News Release

New app from UK researcher helps clinician communications

Business Announcement

University of Kentucky

LEXINGTON, Ky. (Sept. 16, 2013) – There's an app for that. A new iOS app developed in part by University of Kentucky researcher Elaine Wittenberg-Lyles will assist health care professionals seeking help communicating with patients during difficult conversations.

The app, "Health Communication: Building Professional Skills," allows quick and ready access to theory-driven and evidence-based communication tools that are useful in moments of tension, sorrow, fear, anxiety, awkwardness, and hesitancy between health care professionals and caregivers and patients.

A recent study authored by Wittenberg-Lyles showed that more empathic communication is needed between caregivers and hospice team members. Researchers noted that most caregiver statements were met with biomedical or procedural talk from the hospice team. Few responses went beyond to offer confirmation with a positive remark to the caregiver, and even fewer provided a shared experience to address the caregivers' emotional needs.

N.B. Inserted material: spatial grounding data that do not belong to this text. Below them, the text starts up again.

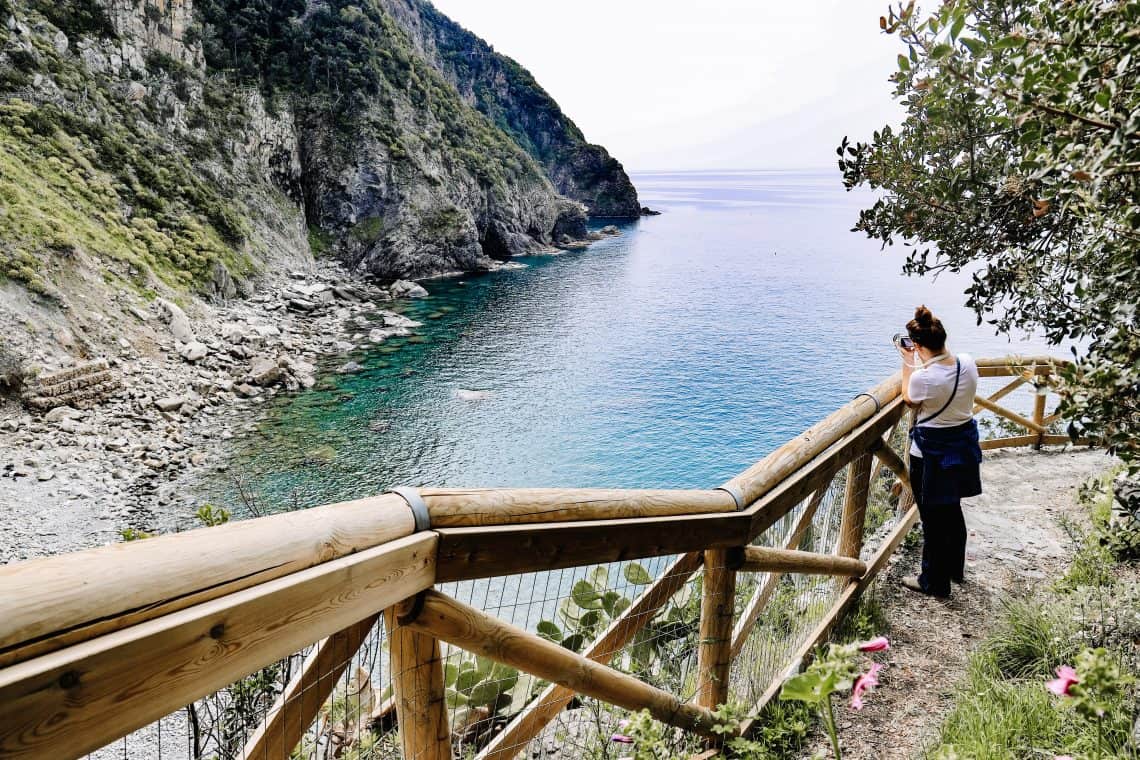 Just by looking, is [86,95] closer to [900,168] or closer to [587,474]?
[587,474]

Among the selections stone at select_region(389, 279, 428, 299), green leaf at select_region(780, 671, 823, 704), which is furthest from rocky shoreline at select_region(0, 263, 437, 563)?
green leaf at select_region(780, 671, 823, 704)

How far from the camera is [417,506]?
5.37ft

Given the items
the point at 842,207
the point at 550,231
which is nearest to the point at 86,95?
the point at 550,231

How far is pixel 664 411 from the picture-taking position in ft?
86.5

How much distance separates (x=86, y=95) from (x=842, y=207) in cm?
13375

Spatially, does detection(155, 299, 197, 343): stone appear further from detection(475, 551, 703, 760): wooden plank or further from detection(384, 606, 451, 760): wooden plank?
detection(384, 606, 451, 760): wooden plank

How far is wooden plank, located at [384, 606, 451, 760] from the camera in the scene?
1717 millimetres

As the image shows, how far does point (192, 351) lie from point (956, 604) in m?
25.4

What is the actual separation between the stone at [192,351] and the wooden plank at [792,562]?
24874mm

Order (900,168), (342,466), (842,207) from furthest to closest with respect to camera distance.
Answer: (842,207) → (342,466) → (900,168)

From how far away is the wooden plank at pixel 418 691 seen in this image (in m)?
1.72

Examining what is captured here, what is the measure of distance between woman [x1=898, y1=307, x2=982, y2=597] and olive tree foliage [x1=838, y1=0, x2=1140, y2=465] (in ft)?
2.17

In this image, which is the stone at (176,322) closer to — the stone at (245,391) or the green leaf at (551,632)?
the stone at (245,391)

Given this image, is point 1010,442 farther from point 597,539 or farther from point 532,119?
point 532,119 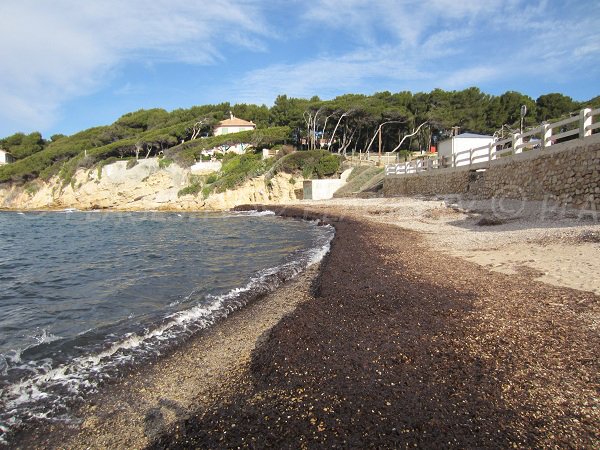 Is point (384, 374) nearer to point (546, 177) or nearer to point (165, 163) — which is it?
point (546, 177)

"Communication skills training is still relatively underdeveloped in most health care profession curricula," said Wittenberg-Lyles, who holds a joint appointment with the UK College of Communication and Information and the UK Markey Cancer Center. "Hopefully this app will give clinicians what they need to quickly and immediately address complex yet important conversations that can facilitate patient and family understanding and ease transitions in care."

Wittenberg-Lyles developed the app with the University of Memphis' Joy Goldsmith and the University of Oklahoma's Sandra Ragan, all members of the Clinical Communication Collaborative. The CCC provides free online teaching materials to advance a patient-centered training program called the COMFORT, a communications curriculum based on 10 years of research.

Once downloaded, Health Communication does not require internet access and features more than 100 different communication strategies. Primary features include a quick reference guide for what to say and how to say it, and a communications toolkit that suggests important observations to make, simple ways of identifying health literacy levels, and basic ways to improve team collaboration. Common, yet difficult clinical situations in a variety of contexts (e.g., bad news, decision-making, cancer recurrence) are easy to find, each with a guide that provides you with appropriate questions to ask, what to say, and what to observe.